X-Message-Number: 10123
Subject: Y2K: I'm sorry, but you're nuts.
From: "Perry E. Metzger" <>
Date: 26 Jul 1998 15:21:56 -0400

I'm really sorry to say this, but as a computer professional actually
working in the financial field, I have to say that the hysteria being
created is completely absurd, and exists largely because a bunch of
people are making a ream of money off of it.

Now, that is my opinion based on direct personal observation. It
should not be surprising. Given YEARS of warning, organizations have
not simply been sitting down and waiting to be destroyed. The minor
Y2K problems they have had have been examined and largely fixed. IT
ISN'T HARD TO DO. Typically, you spend a couple of weekends running
your machines with the date artificially set to 2000 or 2001 and
things are quickly found.

Most people aren't idiots. Peter Merel's hysterical message makes it
sound like people are just sitting around waiting without doing
anything. Really, do you think that describes most of the companies on 
the planet?

Computer Professionals for Social Responsibility -- a reasonably tame
group -- has been systematically analysing Y2K rumors for some
time. They categorize them from "Unsubstantiated" to "Fit to
print". They have discovered something very interesting:

Not one story -- NOT ONE -- was deemed "Fit to print" by the New York
Times criterion. They've examined HUNDREDS.

See:
  http://www.cpsr.org/program/y2k/
(one link Peter Merel didn't give) if you don't believe me.

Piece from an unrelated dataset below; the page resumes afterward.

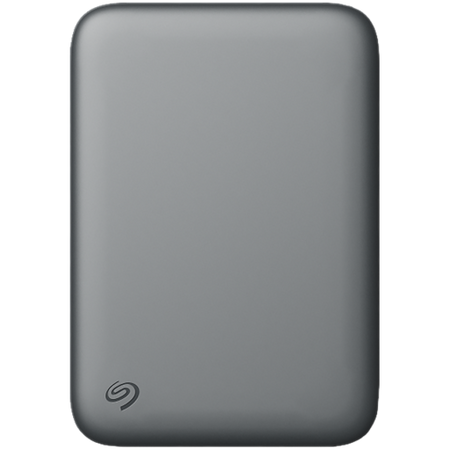 Image 1 for SEAGATE HDD External Expansion Portable (2.5'/4TB/ USB 3.0)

I'm not saying there will be NO Y2K failures. I'm just saying that
even the worst are at most going to disrupt a few small things for a
couple of days. Y2K problems are stunningly easy to fix -- at worst,
you have to hack a half dozen lines of code in a program. Even ten
minutes of training are overkill if your programmers have half a
brain.

Were I not fairly illiquid right now, I'd be making huge bets against
Y2K problems, simply because I'm so sure I'd make a killing off of
panicked people.

Sure, Mr. Merel, I'm sure you can find plenty of RUMORS. Many are even 
repeatedly reprinted.

What are the facts like?

Well, two weekends ago, most NYC financial center organizations did a
mass Y2K test. They set the clocks forward and tried simulating a day
of NYSE trading. Everything worked. EVERYTHING.

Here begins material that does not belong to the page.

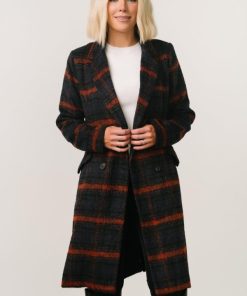 Impactattire.shop7137703ade 3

If the lot of you want to go on believing in this myth, go right
ahead, but I ask you to be rational here.

Consider that the problem consists entirely of defects of only a few
lines of code in most impacted computer programs, that there have been 
years of warning, and that most people and companies do NOT want to
find themselves bankrupted or worse.

I work part time on an open source operating system called NetBSD. We
successfully purged all our Y2K problems in a few days work. It was
TRIVIAL.

Also consider that there is now a vast industry devoted to creating
panic on the subject -- there are literally thousands of Y2K
consultants out there, and they can only make money by spreading rumor 
and panic. If there aren't huge problems, they can't make any money.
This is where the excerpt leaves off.